Show that, in the year $1996$, no one could claim on his birthday, that his age was the sum of the digits of the year, in which, he was born.
My attempt:- Suppose a person born in the year $19\bar{cd}$ claims that his age ,in $1996$ , is equal to the sum of the digits of $19\bar{cd}$. This implies that $$1996-19\bar{cd}=1+9+c+d$$ Therefore, We can write $$96-\bar{cd}=10+c+d$$ This implies that $$96-10c-d=10+c+d$$ Which reduces to $$11c+2d=86$$ It is easily checked that no $c,d$ satisfying $0 \le c,d\le9$ satisfy the above linear diophantine equation. Hence the result. Does this look correct?(I think ,not) .

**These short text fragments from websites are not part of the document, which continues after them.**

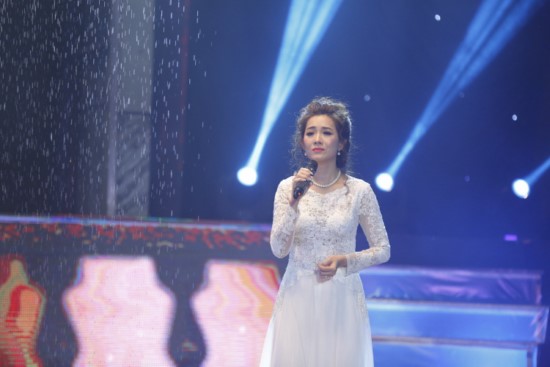 Nhận được số điểm khiêm tốn nhất tuần này là Hoa hậu ảnh năm 2000 Yến Nhi với 27,75 điểm cho ca khúc Chuyện đêm mưa.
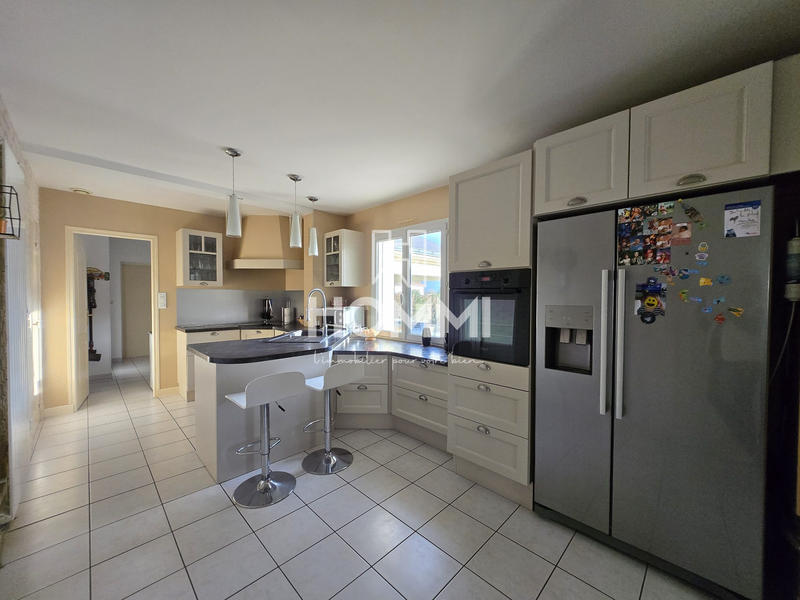 Maison - 167 m² - 6 pièces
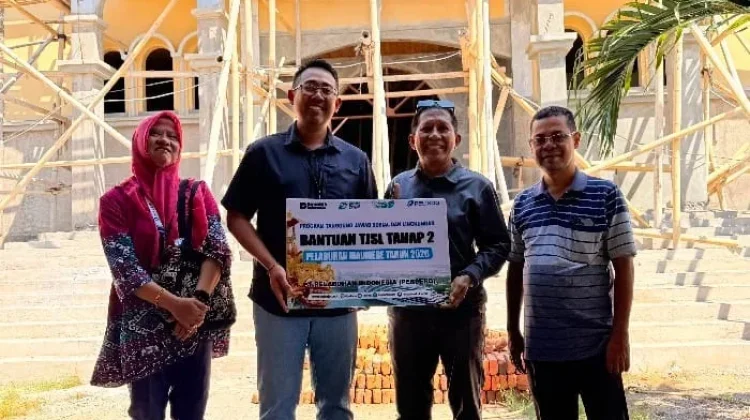 Pelindo Maumere Kembali Salurkan Bantuan Gereja Perumnas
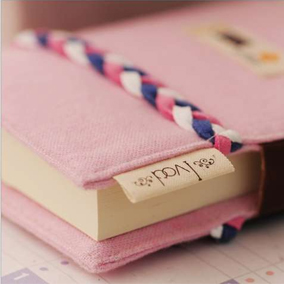 粉色笔记本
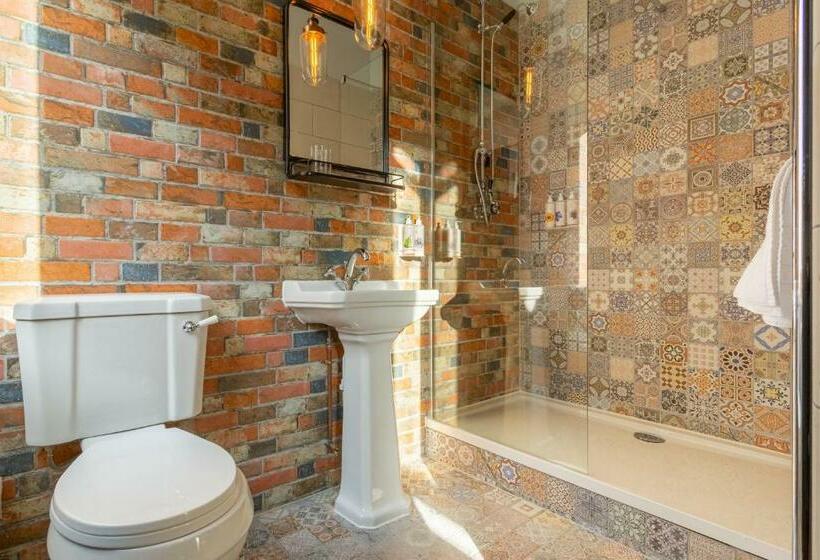 수피리어 룸, The Market House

P.S. We do not consider the years $18..$ ,$17..$ etc. As the largest sum(of digits) possible for any four digit number is 36...
Using trial and error , one can find that (0,43) are the solutions of the given diophantine equation.
Hence the general values of x and y are:
$$C = 2t $$
$$D = 43-11t$$
for positive values of x and y : $$t< 4$$
and the possible pairs of positive c and d are $(2,32),(4,21)$ and $(6,10).$
But Since c,d < 10 (They Are Digits), There Is no possible solution.